Data provided Start Marker

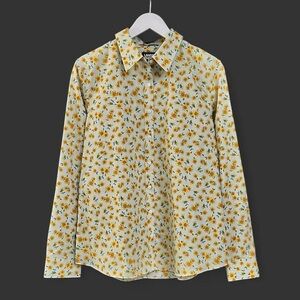NO-IRON 100% COTTON Land’s End Button Up Shirt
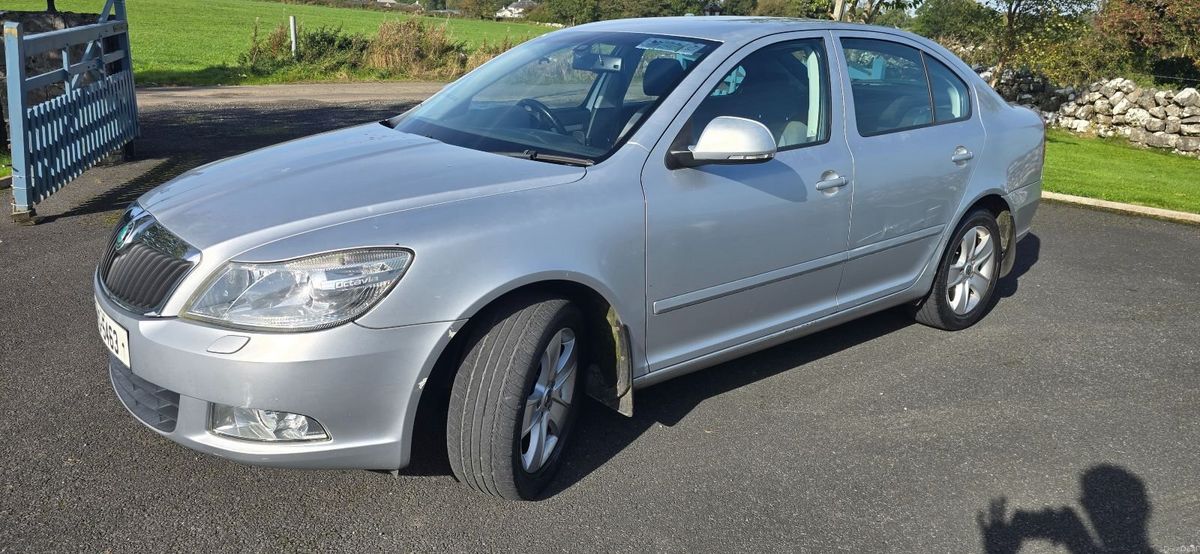 2011 Skoda Octavia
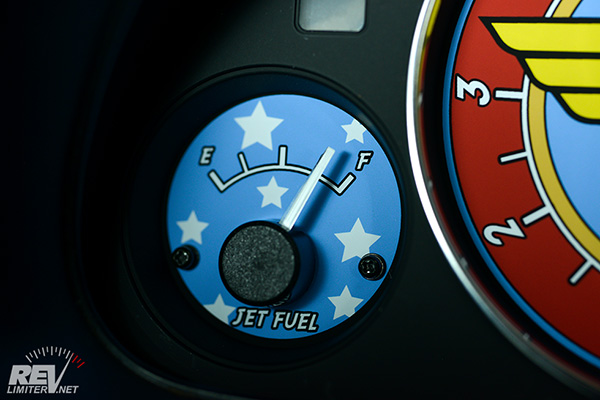 revlimiter Gauges - invisible jet fuel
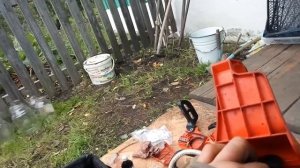 БЕНЗОПИЛА КАК ОТКРУТИТЬ МАХОВИК и СЦЕПЛЕНИЕ ECHO CS 350WES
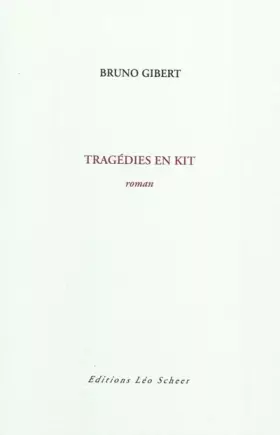 Couverture du produit · Tragédies en kit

Data provided End Marker

Work request — Only the lines from the one containing "revlimiter Gauges - invisible jet fuel" through the last line of the material should be returned, exactly and without pictures.

Task output —
 revlimiter Gauges - invisible jet fuel
 БЕНЗОПИЛА КАК ОТКРУТИТЬ МАХОВИК и СЦЕПЛЕНИЕ ECHO CS 350WES
 Couverture du produit · Tragédies en kit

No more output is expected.